A Belcarra resident since 1995, Dr. Cole said he wants to stop the council in-fighting and take a fresh approach. And he believes having no political experience is an asset for a leader though he has worked on various administrative boards and committees.

If elected, Dr. Cole wants votes to be recorded and village hall meetings taped, and he’s suggesting online polls so residents can give feedback quickly “so that we’re working for something that the majority wants,” he said.

As for the need for an increased water supply, Dr. Cole wants a system assessment to see what data is available. He also vowed to work with Metro Vancouver on a water solution as well as look at the Belcarra regional park parking demands.

With more than one million visitors a year, the park could use an outside parking lot and a shuttle people to the picnic grounds, he suggested. 

Dr. Cole is also in favour of replacing the fire hall if the village can afford it. “It would be easy to say we need a new building but it’s not reality. We need to make is safe for the volunteers but we also need to make it affordable for the village… because the village is not in good financial shape.”


Meanwhile, Jamie Ross (email: told the Tri-City News that the mayoralty race presents “a real opportunity in the new year to move forward with some optimism.”

Unlike Dr. Cole, Ross believes having a background in politics is gives him a campaign edge as he already knows the legislative processes and procedures. “Skilled mayors reduce conflict,” he said. “I think we’ve had some challenging issues in Belcarra, and I have a leadership style that will allow council to function in an effective way.”

Ross said restoring confidence in the village council is key to moving forward. If elected, he wants councillors to have portfolios to handle specific municipal matters.

And though he respects the “very independent and different perspectives” in the community, he also wants council decisions to be fair and supportive to the people it serves; that means not discussing council’s in-camera decisions in public as per the provincial Community Charter, he said.

As well, Ross won’t permit debate in between the conclusion of a public hearing and before a council vote. 

“That didn’t happen in the previous council,” Ross said, adding, “When you come into any elected job, it’s a hard transition but there are some things that you have to be careful about. There has to be a fair process, and after we go through a difficult issue, we have to come together. We need to depend on each other because we’re so limited and isolated.”

On the water system, Ross — a retired SD43 educator and administrator who has lived in the village since 1989 — said he’s going to rely on “calm, reasoned discussion,” and he’ll work with the Sasamat Volunteer Fire Department and its trustees to assess the condition of the fire halls.
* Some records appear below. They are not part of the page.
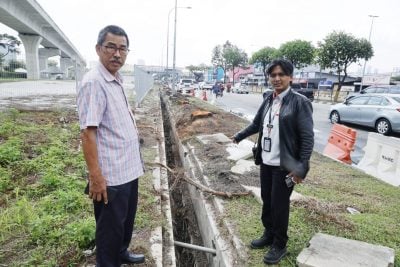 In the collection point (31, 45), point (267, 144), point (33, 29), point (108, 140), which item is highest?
point (33, 29)

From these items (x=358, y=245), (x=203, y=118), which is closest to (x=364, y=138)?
(x=203, y=118)

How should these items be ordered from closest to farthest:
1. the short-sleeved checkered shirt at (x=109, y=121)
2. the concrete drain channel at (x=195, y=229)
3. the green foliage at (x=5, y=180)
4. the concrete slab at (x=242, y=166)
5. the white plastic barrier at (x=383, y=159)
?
the short-sleeved checkered shirt at (x=109, y=121) → the concrete drain channel at (x=195, y=229) → the green foliage at (x=5, y=180) → the concrete slab at (x=242, y=166) → the white plastic barrier at (x=383, y=159)

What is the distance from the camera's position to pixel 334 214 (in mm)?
4012

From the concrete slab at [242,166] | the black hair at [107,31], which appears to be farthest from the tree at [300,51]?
the black hair at [107,31]

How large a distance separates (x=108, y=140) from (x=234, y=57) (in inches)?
3024

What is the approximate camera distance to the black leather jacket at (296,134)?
2711 mm

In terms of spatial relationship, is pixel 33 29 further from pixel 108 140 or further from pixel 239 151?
pixel 108 140

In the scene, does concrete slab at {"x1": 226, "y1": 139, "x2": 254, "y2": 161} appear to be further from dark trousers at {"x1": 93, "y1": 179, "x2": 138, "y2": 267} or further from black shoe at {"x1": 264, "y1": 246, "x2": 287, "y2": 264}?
dark trousers at {"x1": 93, "y1": 179, "x2": 138, "y2": 267}

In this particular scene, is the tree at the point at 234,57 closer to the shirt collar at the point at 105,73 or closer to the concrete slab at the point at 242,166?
the concrete slab at the point at 242,166

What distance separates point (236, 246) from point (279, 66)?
6.40 feet

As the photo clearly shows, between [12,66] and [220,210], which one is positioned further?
[12,66]

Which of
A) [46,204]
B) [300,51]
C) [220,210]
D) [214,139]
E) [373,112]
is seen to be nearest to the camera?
[46,204]

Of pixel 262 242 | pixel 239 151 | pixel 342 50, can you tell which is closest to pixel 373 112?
pixel 239 151

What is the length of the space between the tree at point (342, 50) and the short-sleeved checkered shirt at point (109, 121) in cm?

As for the Belcarra regional park parking crunch, Ross acknowledged the village has work to do with Metro Vancouver. He’s suggesting closing the park gates when the lot gets full, stepping up education and bylaw enforcement, and looking for external funding to help control the summer crowds.



John Snell is Belcarra’s newest village politician.

Last month, the municipality acclaimed the 21-year resident following the departure of Coun. Robb Begg in October.

Snell, a father of three, is retired from his 45-year career in the recreational marine industry.

In a press release, he wrote that he’s committed to working with taxpayers and hearing all sides of issues. 

“Our council has the task of recognizing the village’s concerns and finding resolutions that, while not necessarily perfect, are fair, reasonable and acceptable to all parties,” he wrote. “I feel strongly that the work of residents on sub-committees should be respected and acknowledged, and their feelings and recommendations must be incorporated into any forward planning.”